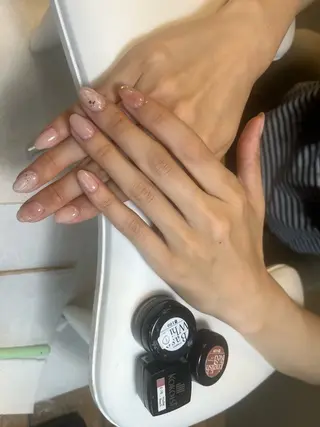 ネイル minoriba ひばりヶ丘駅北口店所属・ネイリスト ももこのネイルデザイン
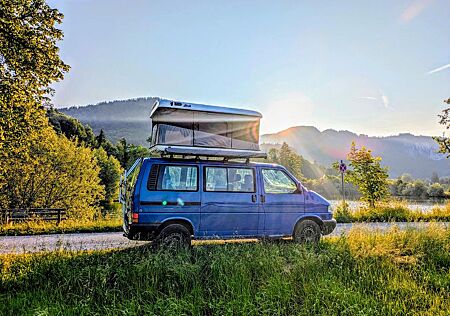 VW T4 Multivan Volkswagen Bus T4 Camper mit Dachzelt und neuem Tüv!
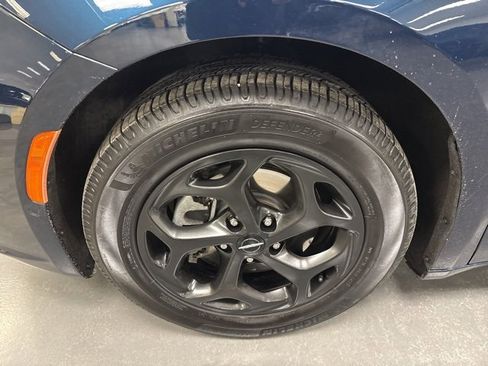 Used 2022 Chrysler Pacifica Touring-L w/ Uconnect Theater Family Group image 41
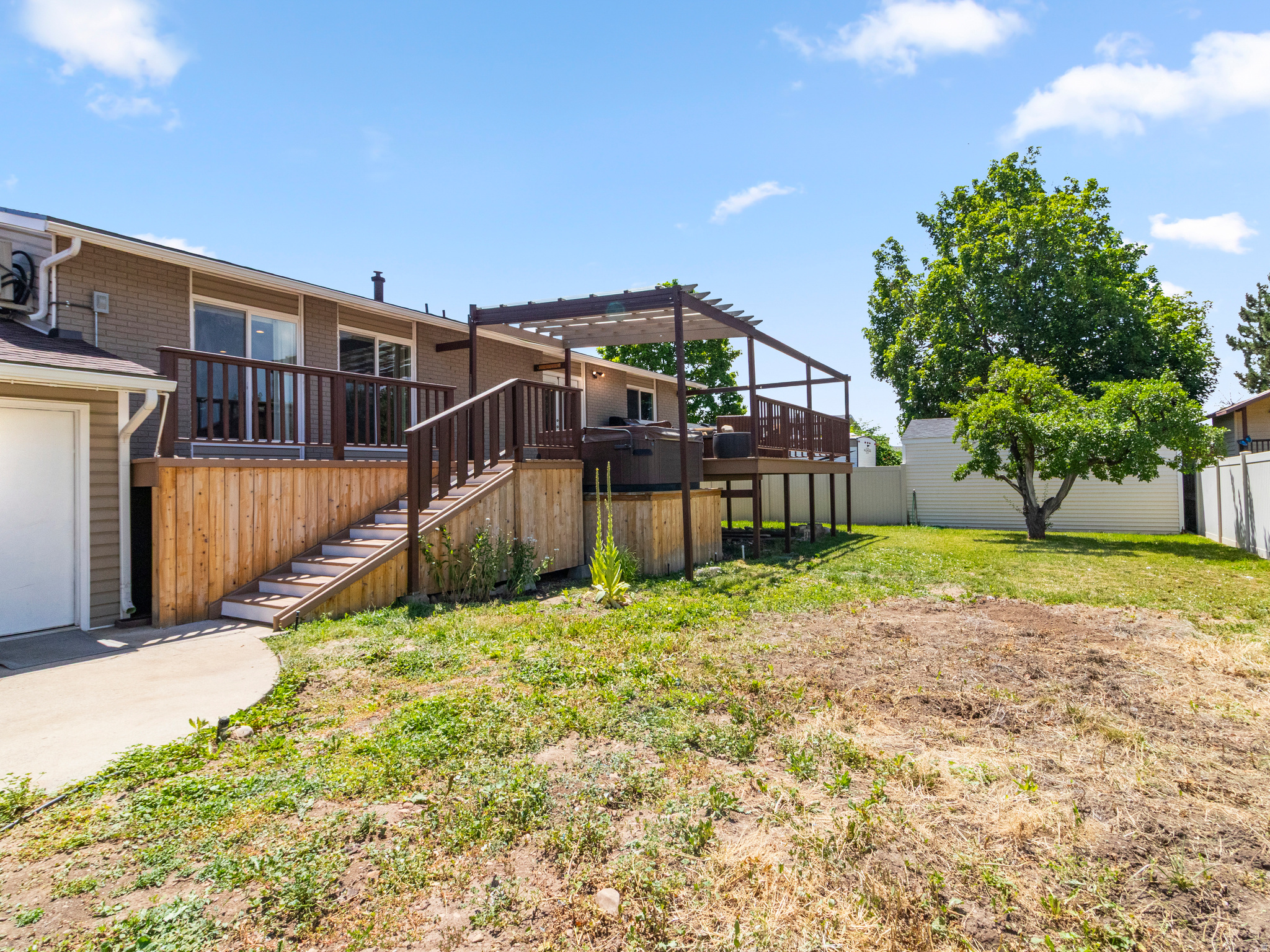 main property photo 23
==================================================
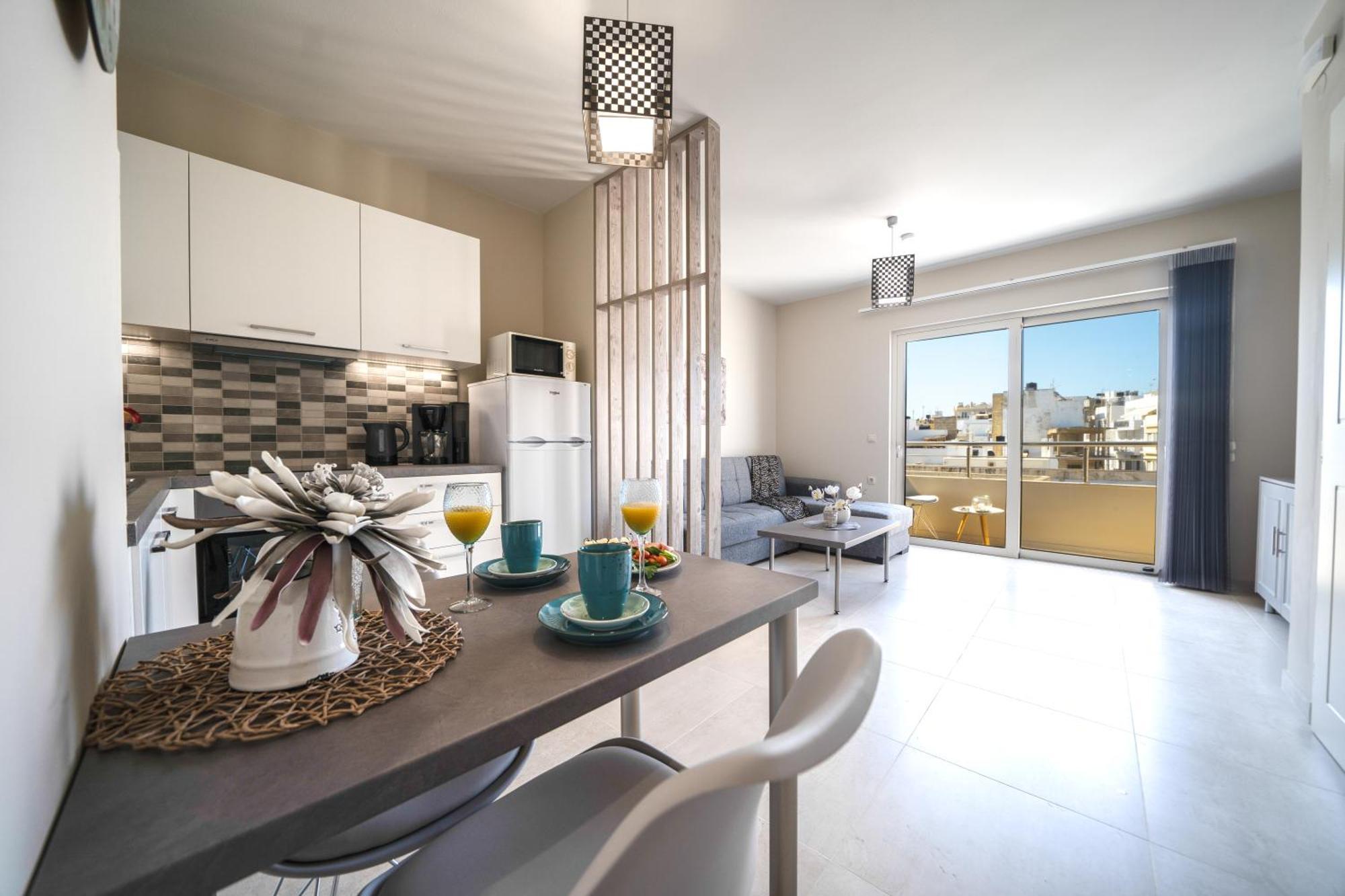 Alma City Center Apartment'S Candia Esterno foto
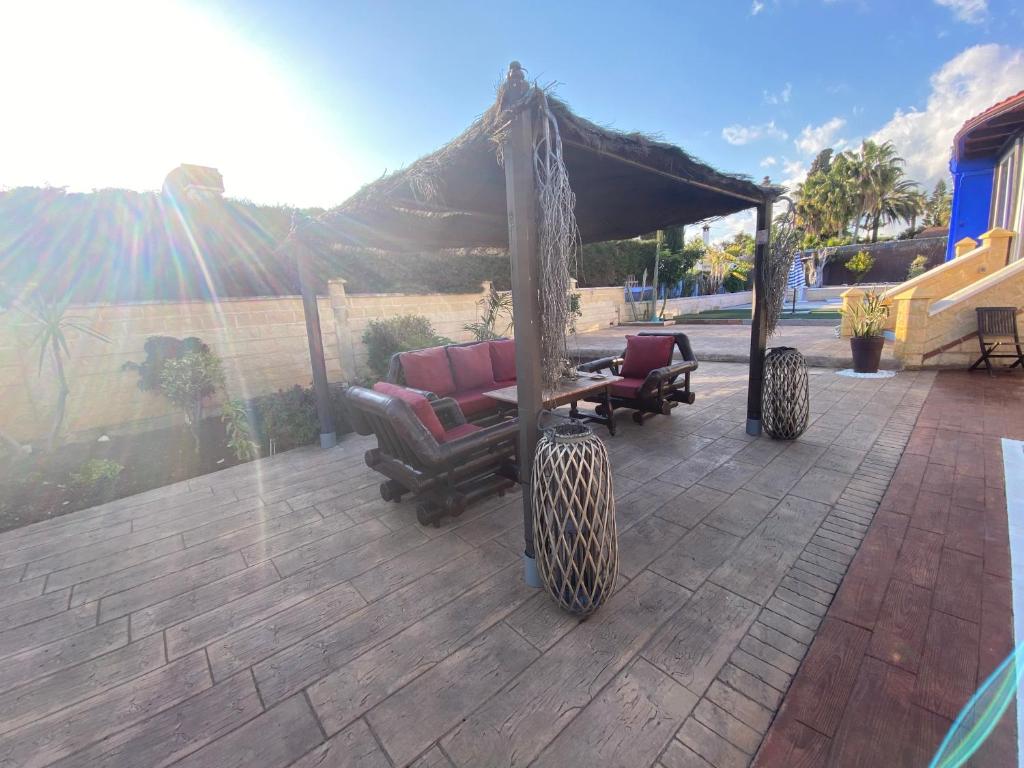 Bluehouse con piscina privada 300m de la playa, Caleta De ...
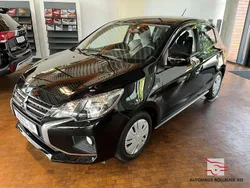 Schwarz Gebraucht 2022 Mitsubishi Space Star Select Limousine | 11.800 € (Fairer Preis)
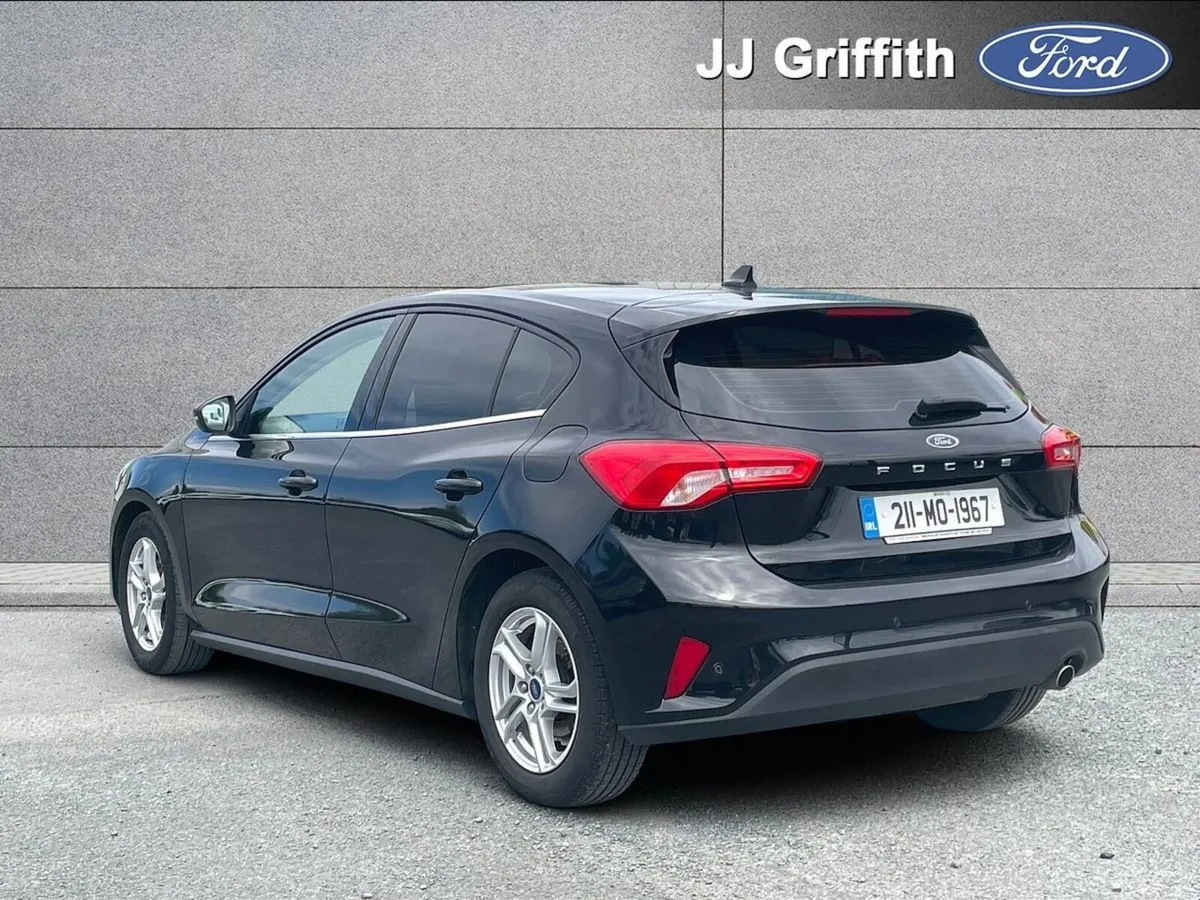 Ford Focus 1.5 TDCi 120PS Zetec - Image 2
==================================================
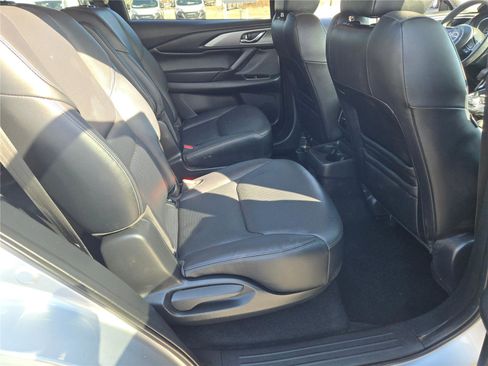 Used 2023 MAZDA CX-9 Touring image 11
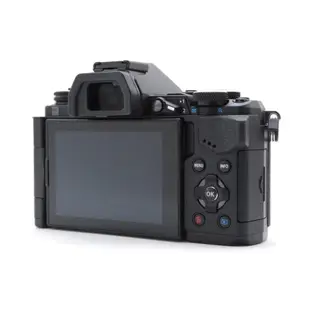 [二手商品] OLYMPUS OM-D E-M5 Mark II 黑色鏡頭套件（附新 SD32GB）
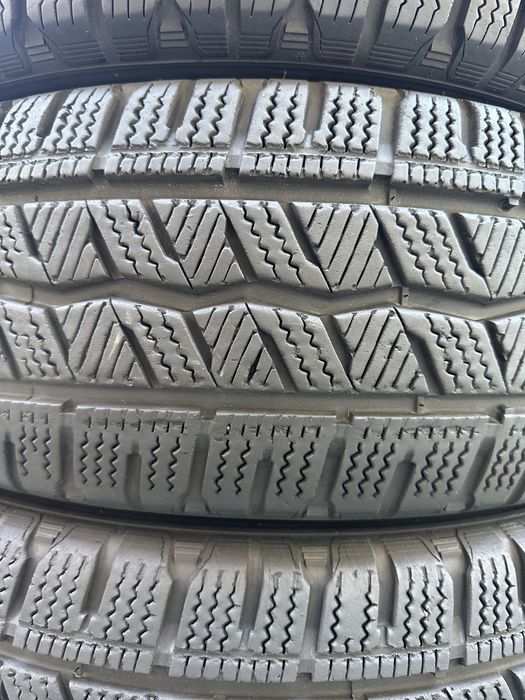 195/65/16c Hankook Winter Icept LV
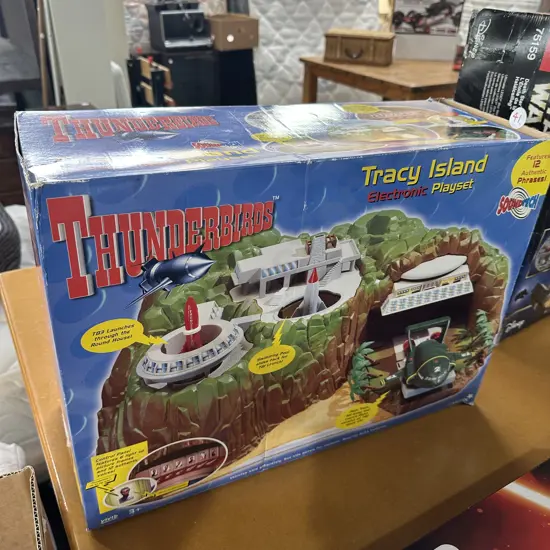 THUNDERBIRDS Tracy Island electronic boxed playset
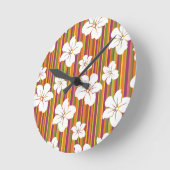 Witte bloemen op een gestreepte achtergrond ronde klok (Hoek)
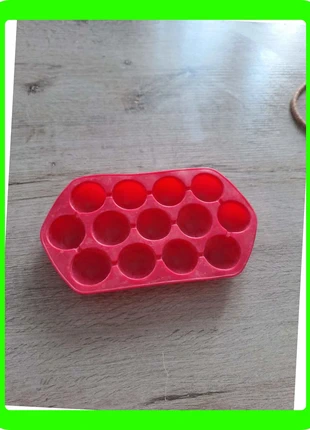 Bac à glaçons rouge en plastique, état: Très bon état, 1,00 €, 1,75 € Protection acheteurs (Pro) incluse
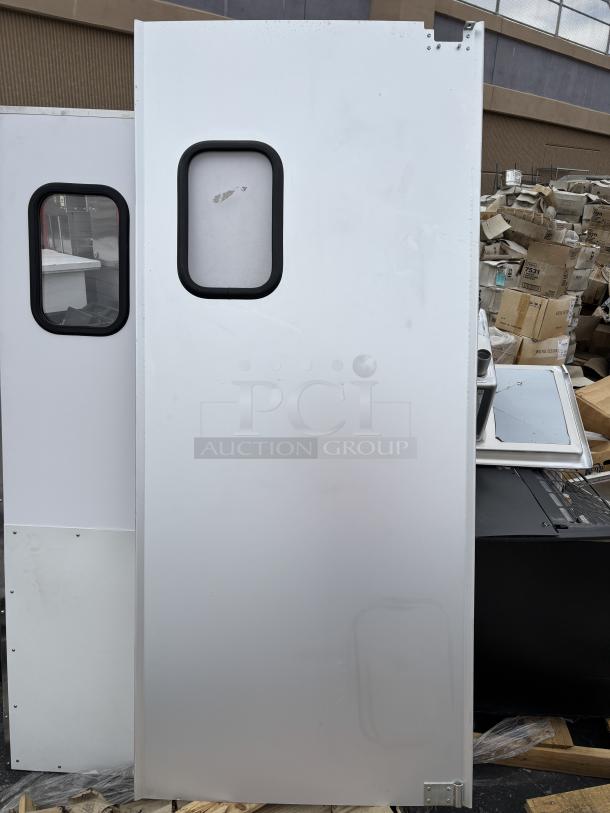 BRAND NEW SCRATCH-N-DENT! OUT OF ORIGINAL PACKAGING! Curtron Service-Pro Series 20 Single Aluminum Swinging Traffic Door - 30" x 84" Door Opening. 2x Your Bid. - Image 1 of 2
==================================================
- About this exercise
Within these entries, output exactly the lines starting at the one with "195/65/16c Hankook Winter Icept LV" and finishing at the one with "BRAND NEW SCRATCH-N-DENT!". Leave pictures out of the output.

- Result
 195/65/16c Hankook Winter Icept LV
 THUNDERBIRDS Tracy Island electronic boxed playset
 Witte bloemen op een gestreepte achtergrond ronde klok (Hoek)
 Bac à glaçons rouge en plastique, état: Très bon état, 1,00 €, 1,75 € Protection acheteurs (Pro) incluse
 BRAND NEW SCRATCH-N-DENT! OUT OF ORIGINAL PACKAGING! Curtron Service-Pro Series 20 Single Aluminum Swinging Traffic Door - 30" x 84" Door Opening. 2x Your Bid. - Image 1 of 2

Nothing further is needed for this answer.